Cabinetry kitchen allowance-$ 5,000.00

Cabinetry in laundry inc tub-$ 1,318.80

3 x mixers & 1 x shower rail-$   156. 86

Cladding-$ 3,297.30

Tiling to bathroom floor & shower-$    257.00

Tiling to laundry splashback- $10,055.46

Total-$      25.50

  1. [42]
    According to the owners, Bax asked them to have their own cabinetmaker do the cabinets and the owners agreed.
  2. [43]
    It is not clear what the other items referred to in the Adjustment Note concern or what stage of work they relate to.
  3. [44]
    The cabinets formed part of the work included in the fixing stage but not all the work remaining to be done. According to Mr Klemm, a building inspector from QBCC who inspected the property on 21 February 2017, there remained approximately 15-20% of the work under the fixing stage outstanding as at his date of inspection.[16] When he attended, the cabinetry work had already been done,[17] and therefore the 15-20% represented additional work yet required to complete the fixing stage.[18]
  4. [45]
    The bathroom work was noted as incomplete in Bax’s letter of 21 April 2017 giving a timeline for the work to do the bathroom, toilet and laundry.
  5. [46]
    By late April 2017 Bax seems to have forgotten about the Adjustment Note.

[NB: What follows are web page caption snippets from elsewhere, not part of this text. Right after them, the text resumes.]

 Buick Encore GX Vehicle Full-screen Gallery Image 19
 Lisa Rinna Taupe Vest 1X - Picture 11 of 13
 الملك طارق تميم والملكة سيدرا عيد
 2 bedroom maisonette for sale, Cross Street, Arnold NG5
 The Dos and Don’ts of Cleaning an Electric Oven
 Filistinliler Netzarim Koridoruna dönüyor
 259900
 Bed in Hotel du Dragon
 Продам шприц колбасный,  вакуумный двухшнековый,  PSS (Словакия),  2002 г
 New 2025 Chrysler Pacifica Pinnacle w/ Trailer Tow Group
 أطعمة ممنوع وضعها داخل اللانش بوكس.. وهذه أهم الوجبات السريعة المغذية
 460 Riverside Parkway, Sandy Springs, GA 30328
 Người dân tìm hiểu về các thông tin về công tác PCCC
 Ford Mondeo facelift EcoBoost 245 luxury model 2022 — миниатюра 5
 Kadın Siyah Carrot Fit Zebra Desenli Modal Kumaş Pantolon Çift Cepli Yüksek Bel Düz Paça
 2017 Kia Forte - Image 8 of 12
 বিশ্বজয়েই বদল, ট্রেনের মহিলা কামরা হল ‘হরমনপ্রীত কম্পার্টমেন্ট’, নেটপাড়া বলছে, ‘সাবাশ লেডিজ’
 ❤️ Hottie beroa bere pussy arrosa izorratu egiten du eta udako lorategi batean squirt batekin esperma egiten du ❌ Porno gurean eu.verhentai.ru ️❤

It reverted to its claim for full payment for the fixing stage regardless that it had not done any more work to complete the stage.
  6. [47]
    In a letter from Bax to the owners on 21 April 2017[19] Bax put them on notice that the balance of invoice 503 ($25,514.63) was incurring interest ‘charged at 15% of $25,514.63, 51 days overdue = $533.30’. Solicitors acting for Bax reinforced the builder’s claim that it had completed the fixing stage by maintaining its demand for the balance monies for invoice 503 in a letter of 16 May 2017. In the letter they also claimed on behalf of Bax an amount of $11,223.29 for ‘painting … electrical completed to practical completion stage’ in respect of invoice 574 dated 28 April 2017 a copy of which was enclosed.
  7. [48]
    In Rocci & Anor v Diploma Construction Pty Ltd,[20] EM Heenan J said this about a building contract with stipulated stage payments:

The fact that a contract contains provisions for progress or staged payments will not change its character from being an "entire contract", at least in relation to the entitlement of any one of the periodical payments, when that is claimed, or to the final payment when that is demanded. In each case the builder will only be entitled to the progress payment or final payment if it has fully performed the obligations provided in the contract and has met the conditions for entitlement to that particular or final payment.[21]

  1. [49]
    I find that Bax had not completed the work required to entitle it to claim the fixing stage payment when it issued invoice 503. Further I find the work was still not done as at 16 May 2017, when the owners terminated the contract.
  2. [50]
    Bax was accordingly, as at date of termination, in repudiation of a fundamental obligation under the contract to claim payment at completion of the agreed stages of work and not before. In consequence, Bax was in breach of the contract in demanding payment for the fixing stage (and by claiming payment for part of the practical completion stage as well).
  3. [51]
    Bax was not willing to perform the contract according to its tenor.
  4. [52]
    As stated in Sunbird Plaza Pty Ltd v Maloney & Ors:[22]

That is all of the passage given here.